When I go out to play or hear jazz, I want to hear musicians listening to one another, playing together. I’m not interested in any particular style, but I want to hear some lyricism, some space, some intensity, some feeling of blues and swing. By those last two, I don’t mean I literally want the music to sound like Big Joe Turner or Benny Goodman, although that wouldn’t be the worst thing. I mean I want the music to have some dirt and some cry in it, to show its ass a little bit, to have a dancing quality and get off the ground. There should be sweat and laughter – music is hard work and serious business, but it has to be fun too. After all, you don’t work music, you play music. Above all, I want to hear some songs, or at least some music that has the quality of song in it. I don’t want to hear what musicians know, I want to hear them translate what they know into what they feel – feeling is all that music is, really. You can’t see it or touch it, you can only hear it and feel it.
I also don’t want to hear mere cleverness or virtuosity, music that’s all just about harmony or rhythmic algebra. Guys trying to outplay each other, not listening or leaving any room, running a bunch of notes together in an endless dirge of tuneless, limp drivel. Take this show-off, “jazz from the neck up” back to whatever school you learned it in, boys. This may sound old and cranky, and maybe it is – I’m gettin’ there. Most of what I’m trying to say is nicely illustrated in a story about the great, unique pianist Jimmy Rowles, who knew as much about songs and harmony as anybody who ever lived. He was playing a steady piano-bass duo gig for a while and one night his regular bassist sent in a sub, who decided to try and impress the master with his knowledge of harmony by hitting him with a whole slew of super-hip bass notes and chord substitutions, playing everything but the kitchen sink. After a couple of tunes like this, and working on his second double-vodka, Rowles turned to this Einstein of the bass with a glare and rasped, “I’m aware of the possibilities, so let’s just play the fucking song the way it goes and make some music, OK?”
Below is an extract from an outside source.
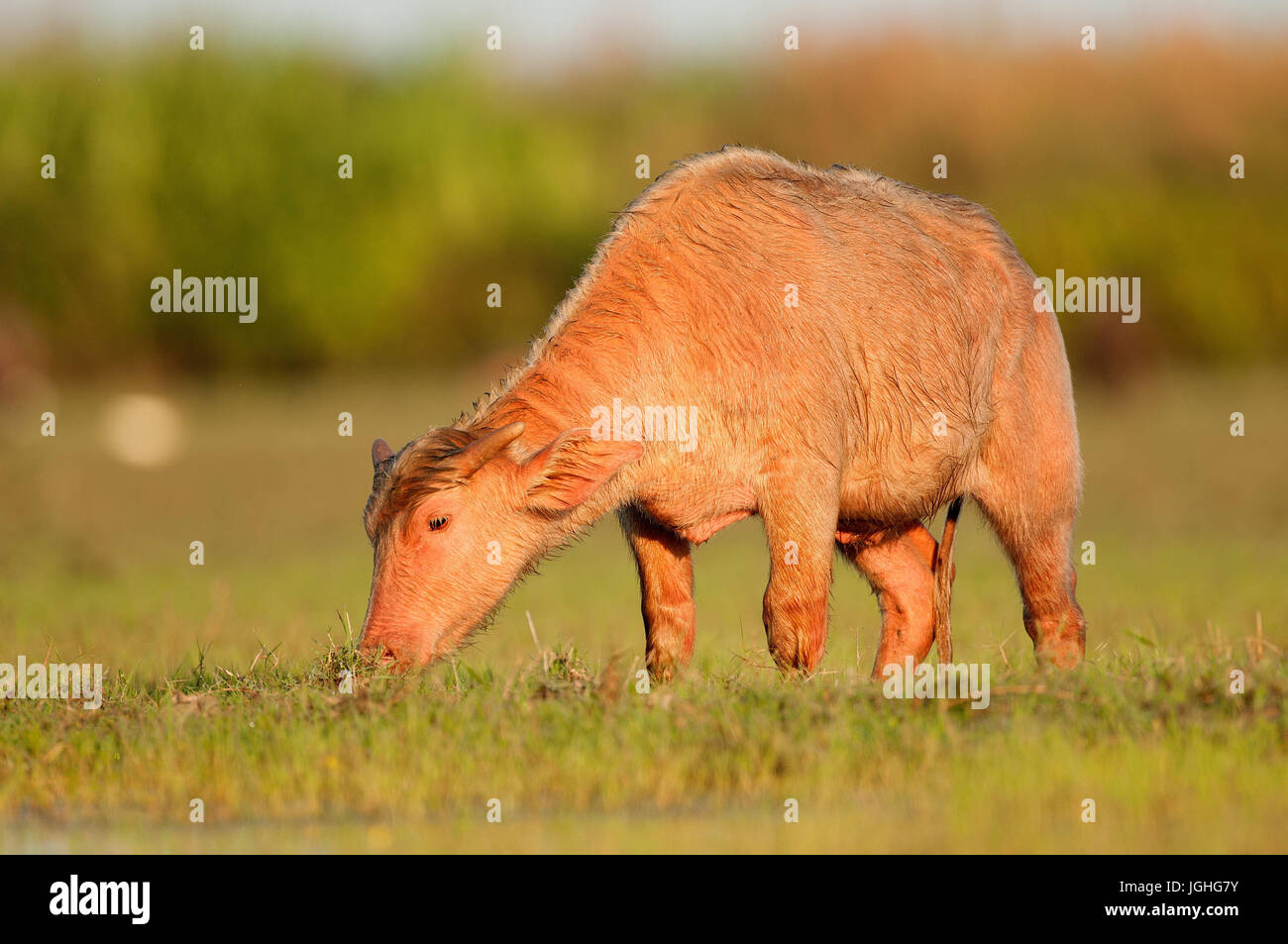 Buffalo-asiatischen; Wasserbüffel; Bubalus beispielsweise (Buffle d ' Eau) Wasserbüffel (Bubalus beispielsweise), Kalb, Thailand / / Buffle d ' Eau Stockfoto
Betty Carter pushed the boundaries of jazz singing by trying to make the voice a fully-fledged improvising instrument like the others. This led her to more and more abstraction, making sounds with her voice that weren’t conventional for singers, using a huge range, and often eschewing the melody. It was daring and difficult, a challenge for her, her musicians and audience. Some liked her singing, while others shrugged and asked, “Aren’t singers supposed to sing the melody?” She was feisty, to put it mildly, and answered this by naming one of her records “It’s Not About the Melody.” While I have a lot of admiration for her and any other artist who hoes a hard, lonely road by going their own way, I have to respectfully disagree: it’s always about the melody, that’s where the music lives. Hear it and it will set you free, like a bird.